Title: Compulsion

September 14, 2006

Finished reading Lolita. This was such a hard book, what with it being a story about a man who rapes a 12 year old girl for years. I tried reading the book in college, what with being a lit major at the time and Lolita being a famous novel, but I was never able to get far in the book because the subject caused me major distress. Suffice to say that having gone through something similar - being sexually abused for years - the book did a number on my psyche every time I tried to read it. So I gave up on it, until recently.

What made me attempt reading Lolita again? To begin with, I've always been curious and baffled as to why a book about the rape of a 12 year old was considered such a great work of literature. People revere Nabokov and Lolita is considered a classic, but why? Was there something in the story, a part I never reached, that made the subject redeeming? Did it eventually turn into a story that illuminates why child abuse is bad or was it just a sick tribute to a demented man's love of children? Navokov was gifted and I never thought of him as a perv and yet some reviewers have gone so far as to call Lolita the only true love story of our time.

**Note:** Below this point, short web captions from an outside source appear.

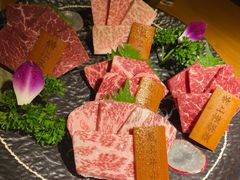 -本寻烧肉酒场(双井店)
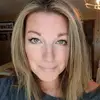 Katie Corrigan - @katiezonneville - TikTok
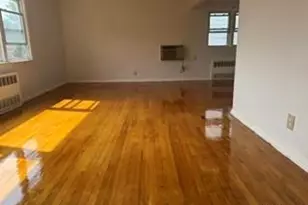 77 34 162nd St, Fresh Meadows, NY 11366 - Photo 1
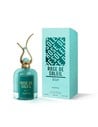 Riiffs Rose de Soleil Eclat Edp para Mujer 100 Ml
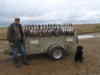 MP048497.jpg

How sick is that? A man in his 40s holding a 12 year old captive and raping her continually. Not exactly my idea of love and I wanted to find out once and for all what this book really was about.

The second reason I was intent on reading Lolita is because I wanted to read the book Reading Lolita in Tehran, but wanted to actually have read Lolita first. I'd heard great things about Reading Lolita, which is a true story about a female literature professor in Tehran who hand picks a group of women to secretly read and discuss books that have been banned by the Iranian regime. The theme alone intrigued me - great literature, banned books, secret readings - but the Lolita aspect also drew me in. Why was Lolita chosen for this secret book club in Tehran? And since the book would address the reading and discussion of Lolita, I figured it might help me understand Lolita as well.

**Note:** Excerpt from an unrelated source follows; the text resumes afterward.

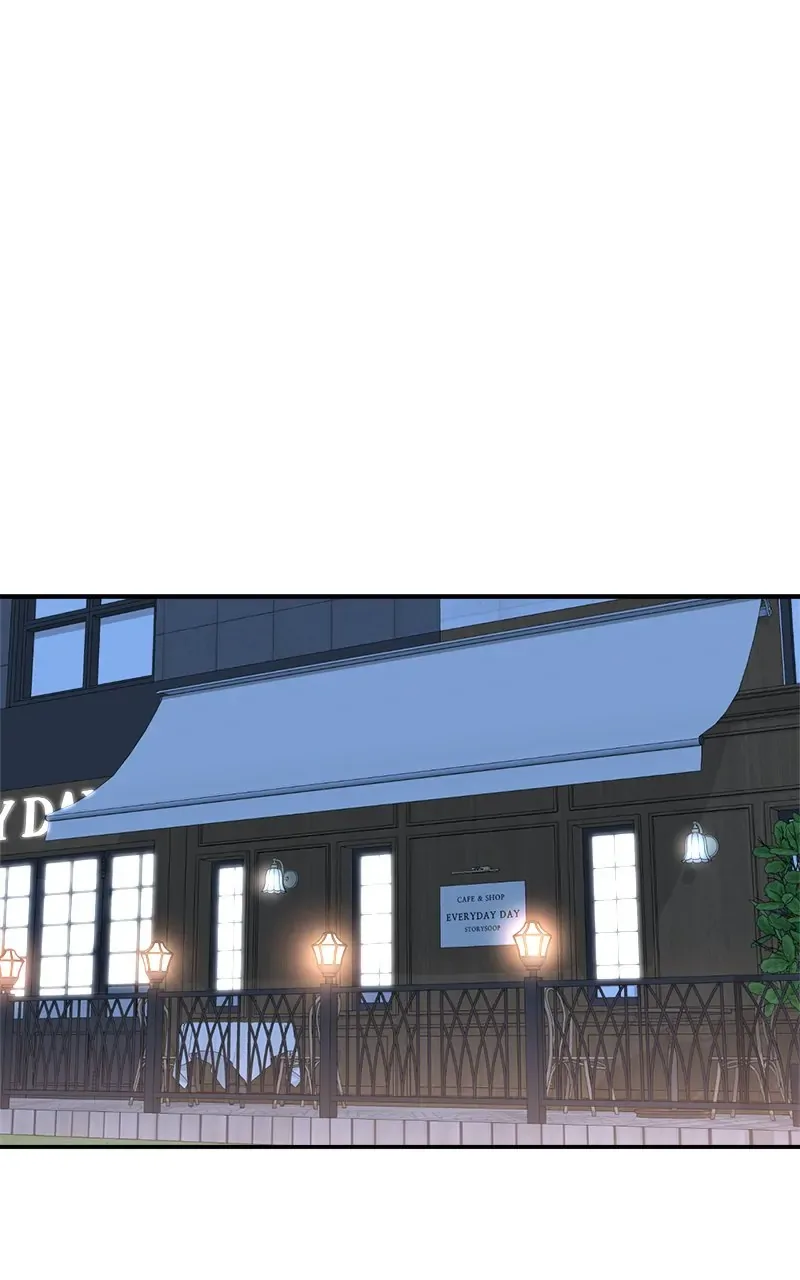 Second Life Producer Chapter 118 page 3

Now that I've actually finished Lolita, my feelings and perspectives on it are different than the ones I had in college. I'm still not totally sure what Nabokov was ultimately getting at, but I think it had something to do with the adverse and destructive affects people can have on each other. Usually I have a much better idea what I think of a book and what the point was by the time I finish it, but Nabokov was a genius and he didn't make Lolita easy. Lolita makes you work, and at times makes you sick, and doesn't hand over its meaning on a silver plater at the end. It's easy to wish that Nabokov had made things more obvious but, if he had, the book wouldn't have been as realistic and in some ways, the point Nabokov was trying to make would have been lost, or at least less potent, had he spelled it all out.

Granted, there's still a part of me that wishes Nabokov would have made a statement about the book not condoning child abuse, but based on the insight Nabokov had for what it's like to be abused and the atrociousness he portrayed in the abuser, I don't think Nabokov really meant this to be a love story. Mind you, it offers great insight into the mind of child molesters and the damage they do, but how anyone could mistake that as love is beyond me. And maybe Nabokov felt that way, too. Maybe it never crossed his mind that anyone could see this story as a testament to love, maybe he thought it was so obvious that he never felt the need to explain it. Because it would be nice to think that people already know that abuse is never a form of love.